How to complete this task:
Your copy should repeat each record exactly and contain none of the pictures.

Exercise data:
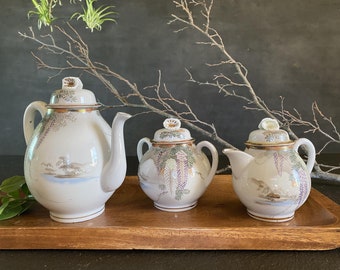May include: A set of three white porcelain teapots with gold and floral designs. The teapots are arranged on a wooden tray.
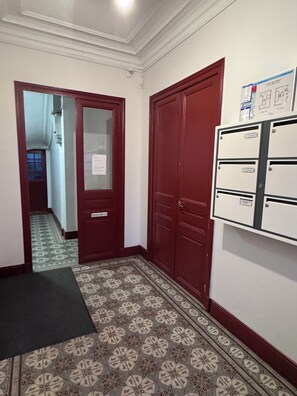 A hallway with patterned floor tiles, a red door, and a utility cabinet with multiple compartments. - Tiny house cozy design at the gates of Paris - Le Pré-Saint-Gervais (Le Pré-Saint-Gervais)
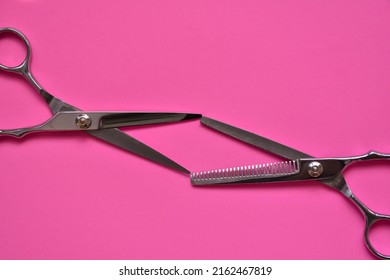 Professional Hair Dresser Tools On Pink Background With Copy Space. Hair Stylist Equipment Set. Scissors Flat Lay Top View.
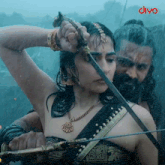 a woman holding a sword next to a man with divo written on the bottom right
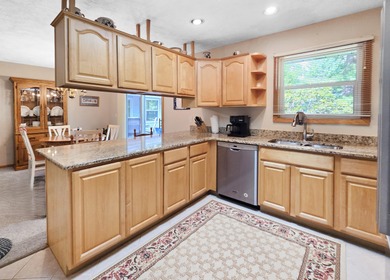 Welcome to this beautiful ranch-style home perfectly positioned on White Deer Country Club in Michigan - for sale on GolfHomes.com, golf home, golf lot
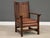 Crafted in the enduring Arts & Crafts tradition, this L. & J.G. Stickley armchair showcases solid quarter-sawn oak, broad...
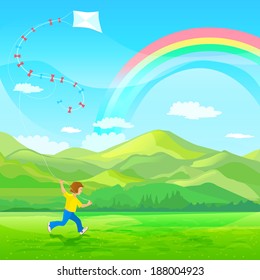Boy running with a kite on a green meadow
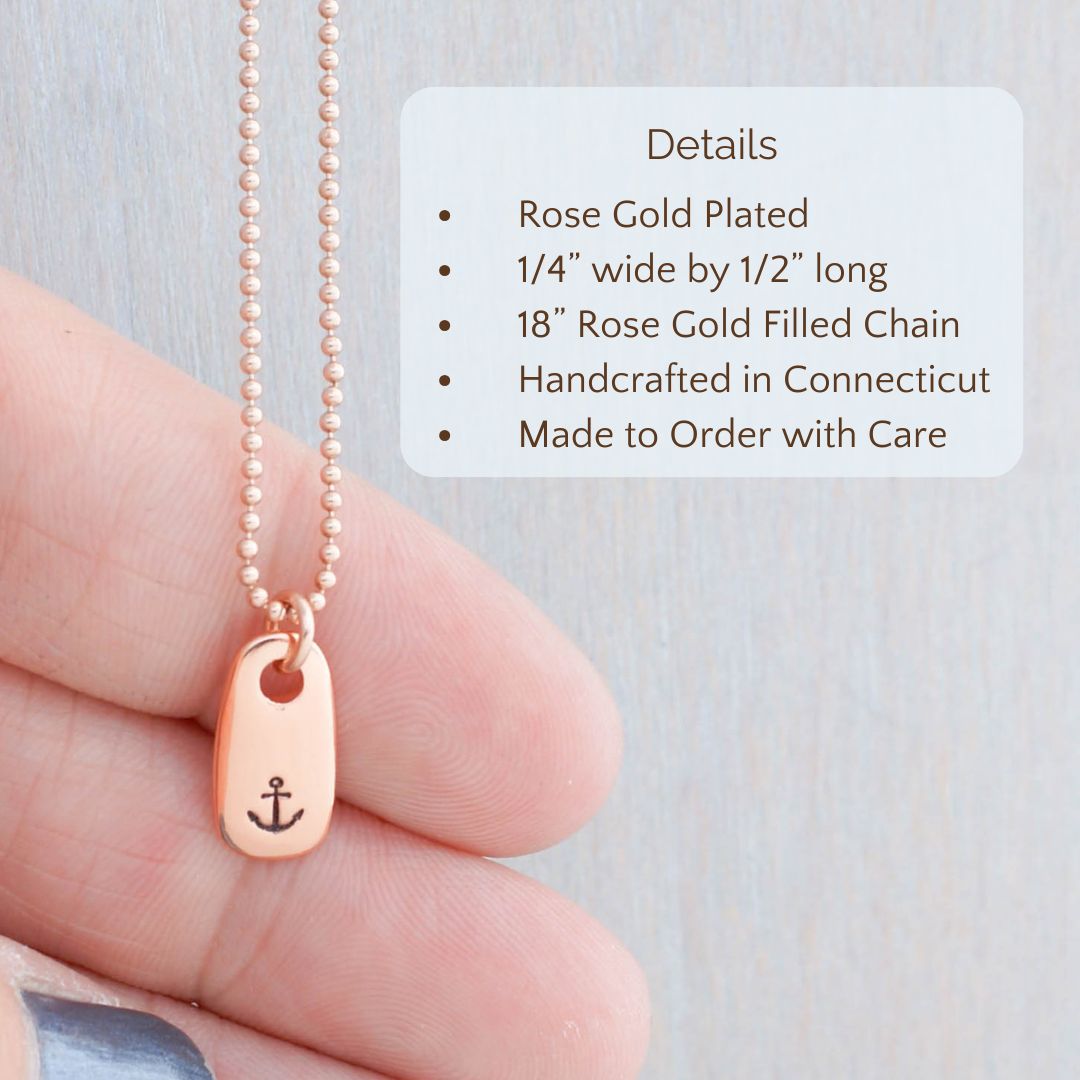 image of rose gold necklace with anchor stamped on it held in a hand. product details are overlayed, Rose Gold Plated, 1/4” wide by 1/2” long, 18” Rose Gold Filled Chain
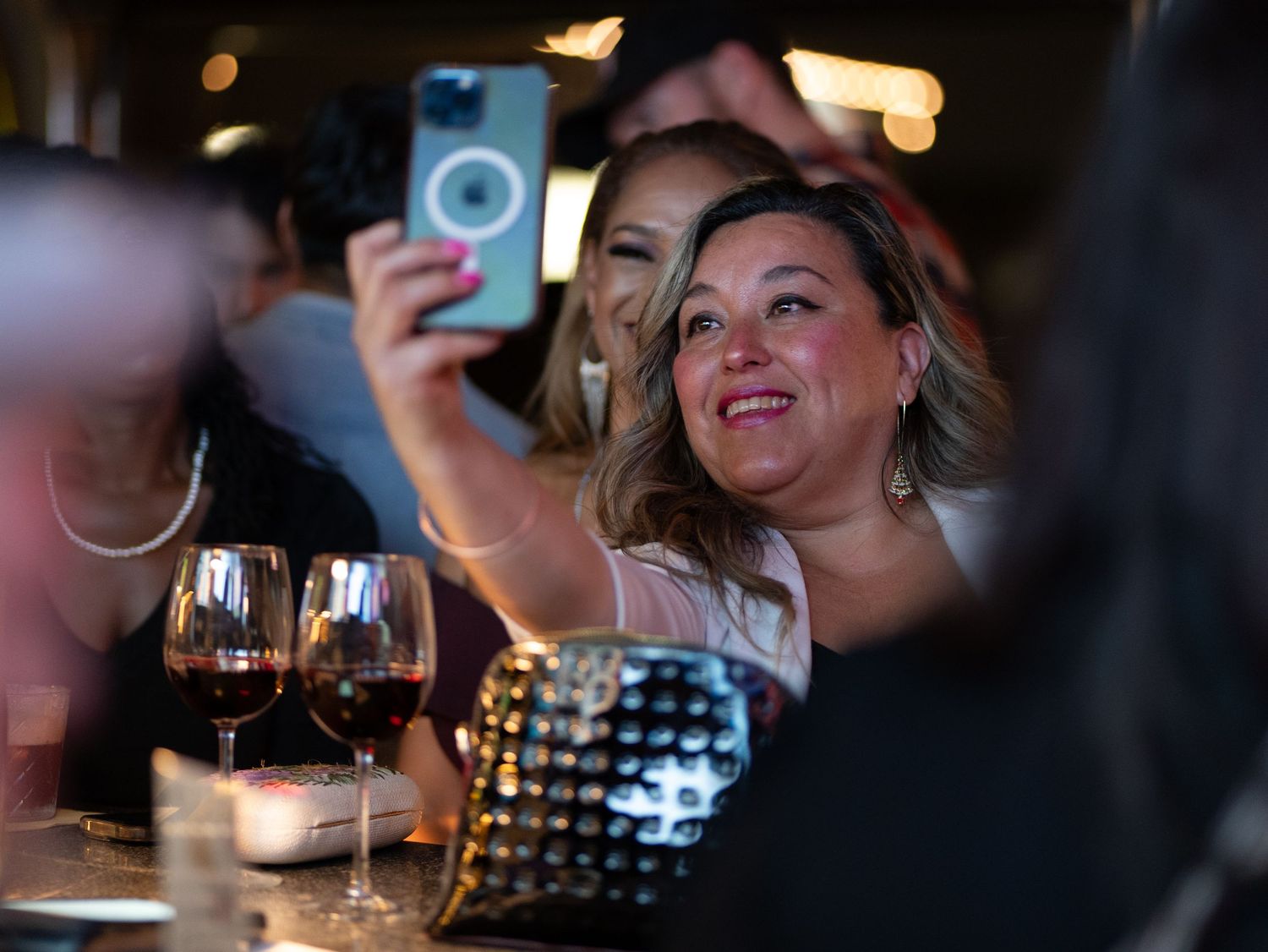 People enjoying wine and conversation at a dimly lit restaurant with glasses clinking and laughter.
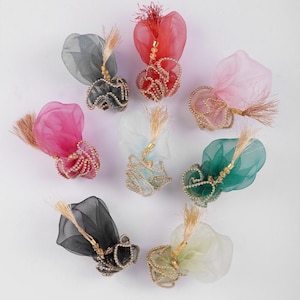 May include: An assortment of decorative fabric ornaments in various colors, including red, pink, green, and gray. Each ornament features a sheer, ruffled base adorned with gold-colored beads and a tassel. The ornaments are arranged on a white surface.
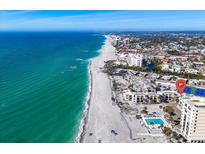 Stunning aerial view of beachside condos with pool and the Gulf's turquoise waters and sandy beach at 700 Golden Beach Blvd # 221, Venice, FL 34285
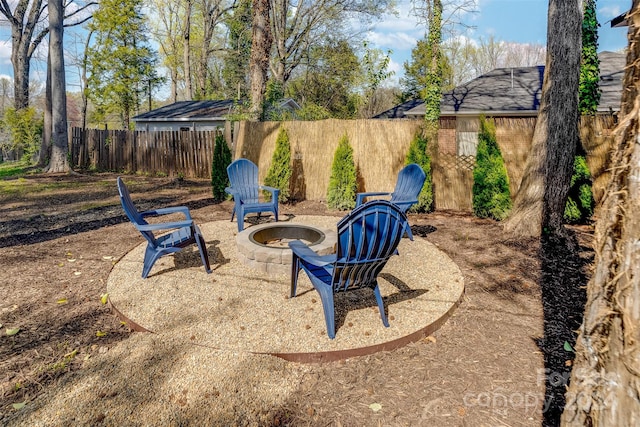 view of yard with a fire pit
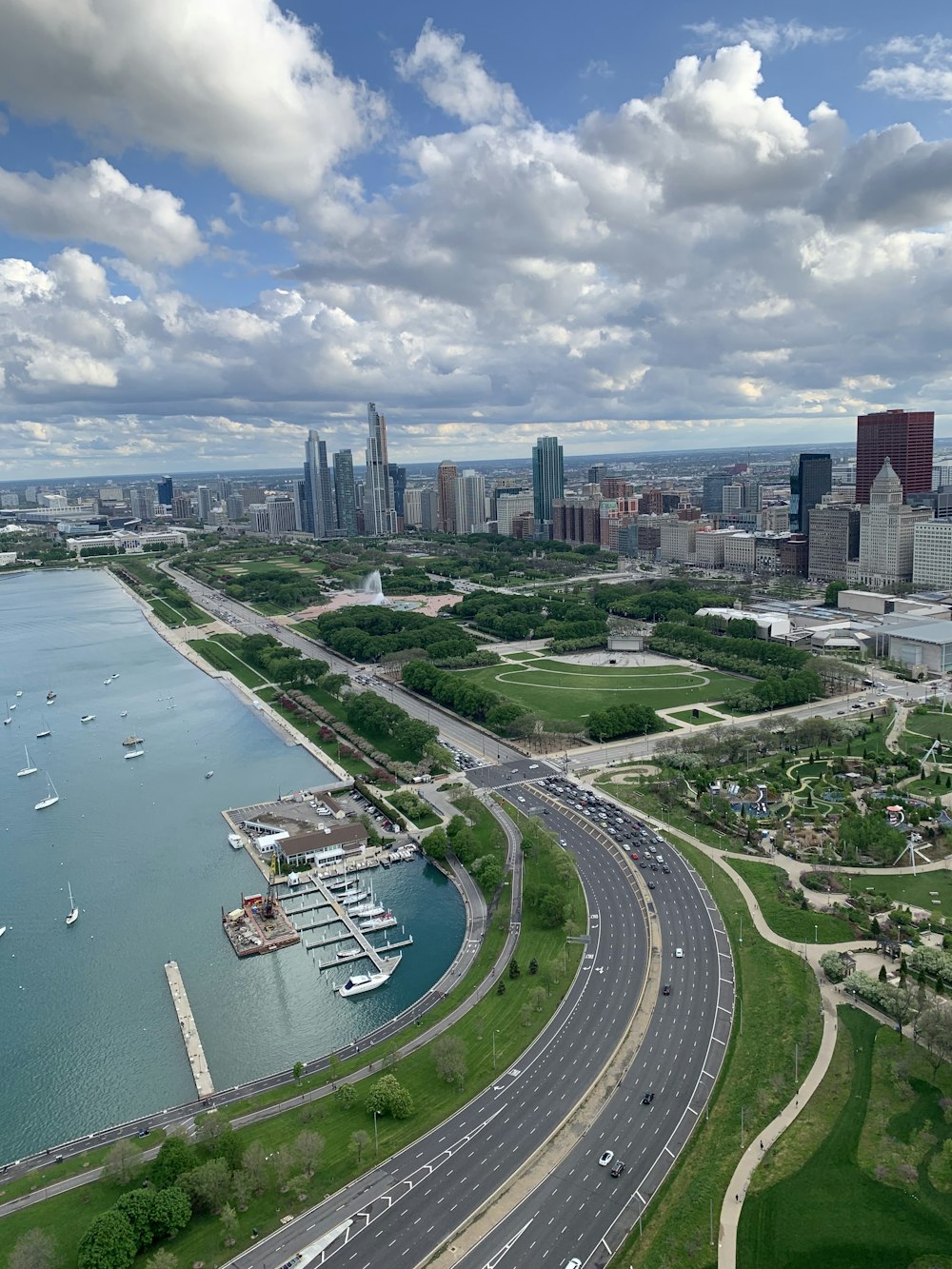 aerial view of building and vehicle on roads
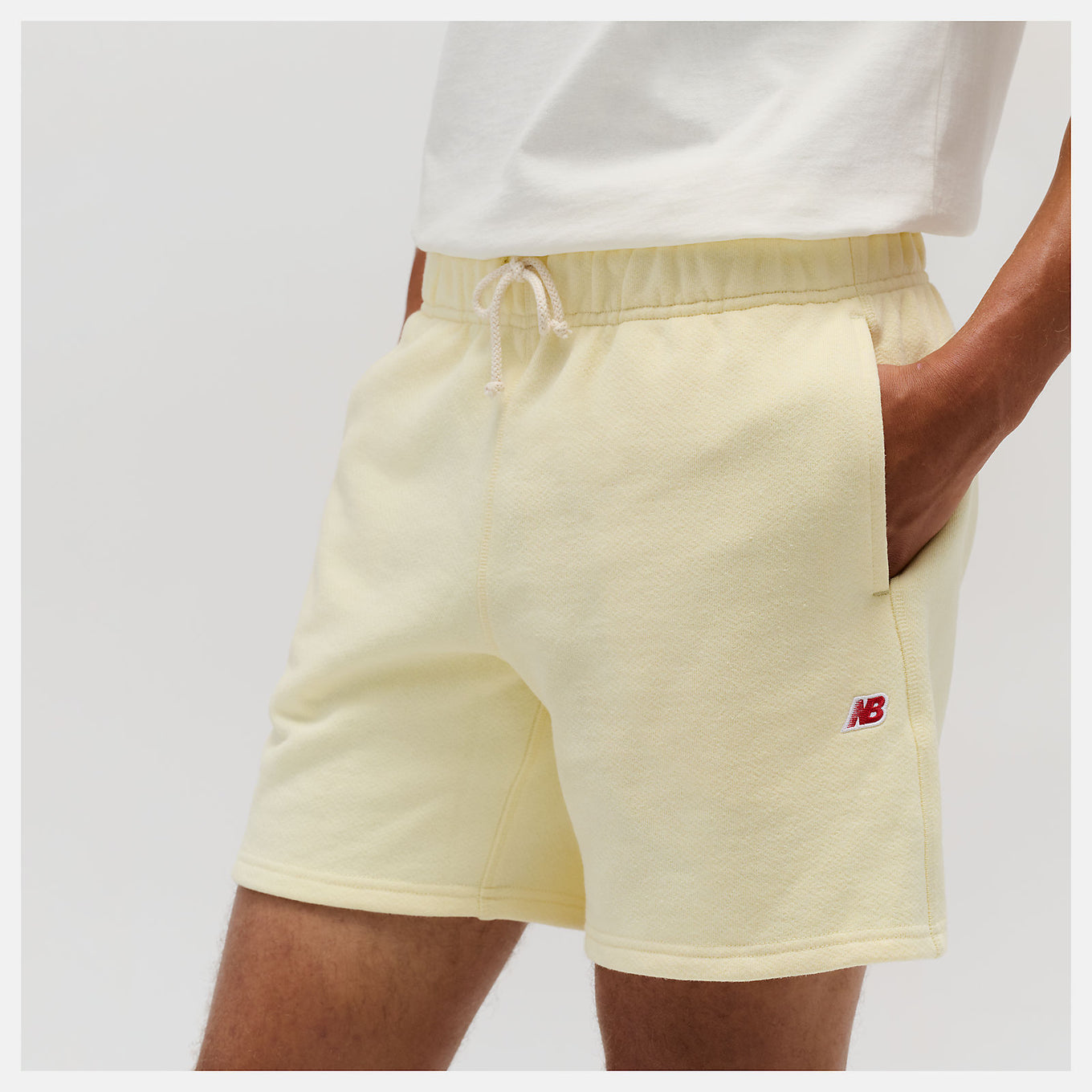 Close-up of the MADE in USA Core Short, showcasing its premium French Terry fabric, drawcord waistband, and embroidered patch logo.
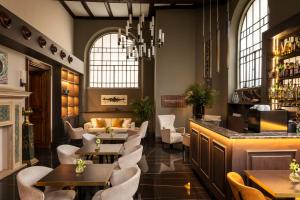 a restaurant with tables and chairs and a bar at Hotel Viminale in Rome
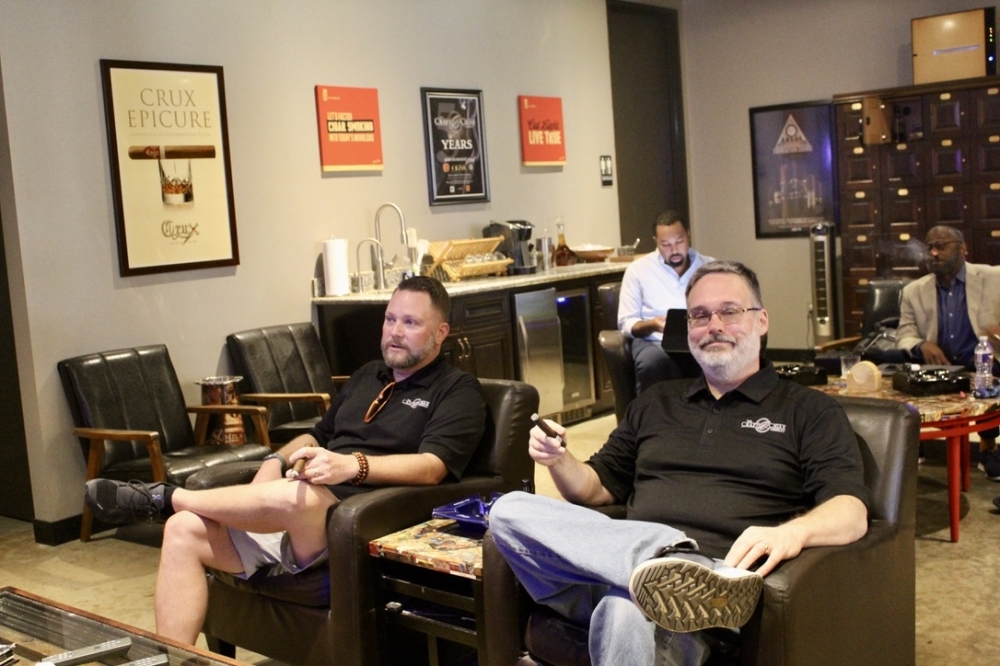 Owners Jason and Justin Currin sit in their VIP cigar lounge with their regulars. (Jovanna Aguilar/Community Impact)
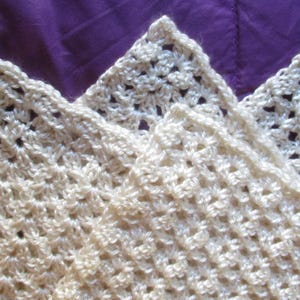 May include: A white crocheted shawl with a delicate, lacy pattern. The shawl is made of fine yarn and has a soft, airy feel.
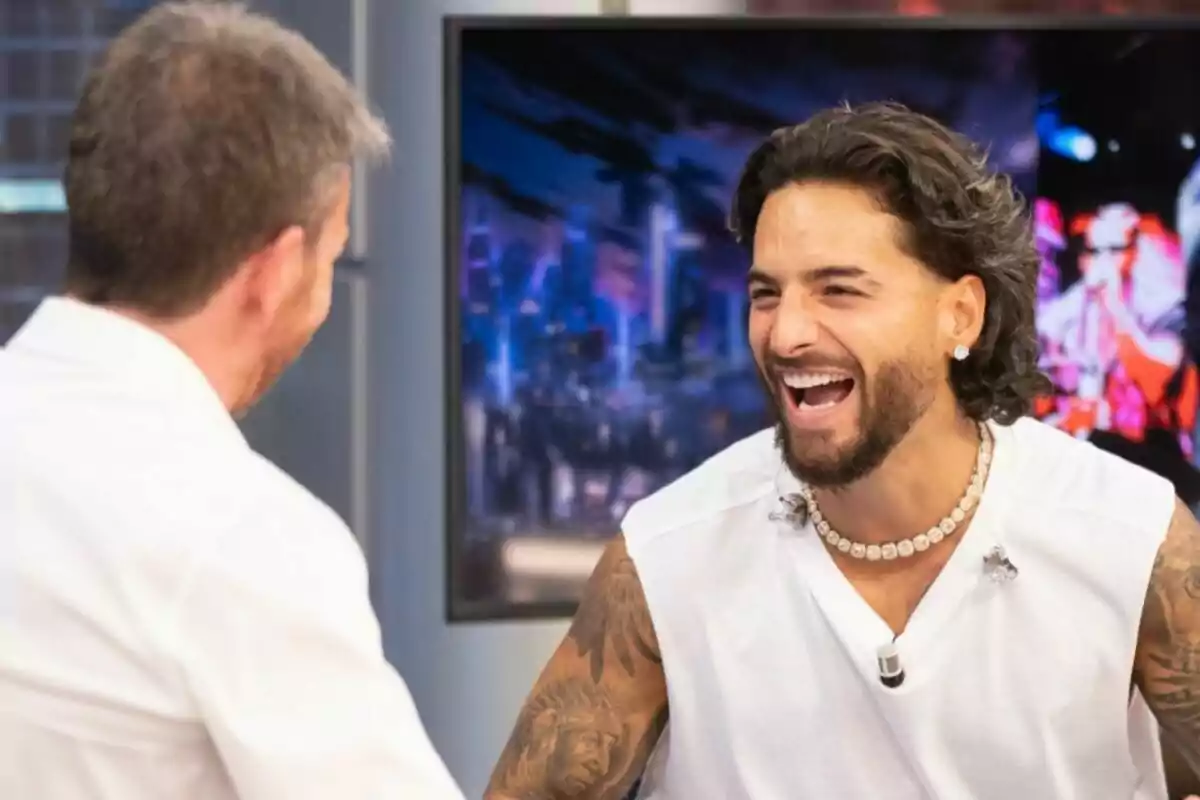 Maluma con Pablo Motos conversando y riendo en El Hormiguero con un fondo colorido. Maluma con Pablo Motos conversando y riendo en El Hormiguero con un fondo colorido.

Exercise result:
May include: A set of three white porcelain teapots with gold and floral designs. The teapots are arranged on a wooden tray.
 A hallway with patterned floor tiles, a red door, and a utility cabinet with multiple compartments. - Tiny house cozy design at the gates of Paris - Le Pré-Saint-Gervais (Le Pré-Saint-Gervais)
 Professional Hair Dresser Tools On Pink Background With Copy Space. Hair Stylist Equipment Set. Scissors Flat Lay Top View.
 a woman holding a sword next to a man with divo written on the bottom right
 Welcome to this beautiful ranch-style home perfectly positioned on White Deer Country Club in Michigan - for sale on GolfHomes.com, golf home, golf lot
 Crafted in the enduring Arts & Crafts tradition, this L. & J.G. Stickley armchair showcases solid quarter-sawn oak, broad...
Boy running with a kite on a green meadow
 image of rose gold necklace with anchor stamped on it held in a hand. product details are overlayed, Rose Gold Plated, 1/4” wide by 1/2” long, 18” Rose Gold Filled Chain
 People enjoying wine and conversation at a dimly lit restaurant with glasses clinking and laughter.
 May include: An assortment of decorative fabric ornaments in various colors, including red, pink, green, and gray. Each ornament features a sheer, ruffled base adorned with gold-colored beads and a tassel. The ornaments are arranged on a white surface.
 Stunning aerial view of beachside condos with pool and the Gulf's turquoise waters and sandy beach at 700 Golden Beach Blvd # 221, Venice, FL 34285
 view of yard with a fire pit
 aerial view of building and vehicle on roads
 Close-up of the MADE in USA Core Short, showcasing its premium French Terry fabric, drawcord waistband, and embroidered patch logo.
 a restaurant with tables and chairs and a bar at Hotel Viminale in Rome
 Owners Jason and Justin Currin sit in their VIP cigar lounge with their regulars. (Jovanna Aguilar/Community Impact)
 May include: A white crocheted shawl with a delicate, lacy pattern. The shawl is made of fine yarn and has a soft, airy feel.
 Maluma con Pablo Motos conversando y riendo en El Hormiguero con un fondo colorido. Maluma con Pablo Motos conversando y riendo en El Hormiguero con un fondo colorido.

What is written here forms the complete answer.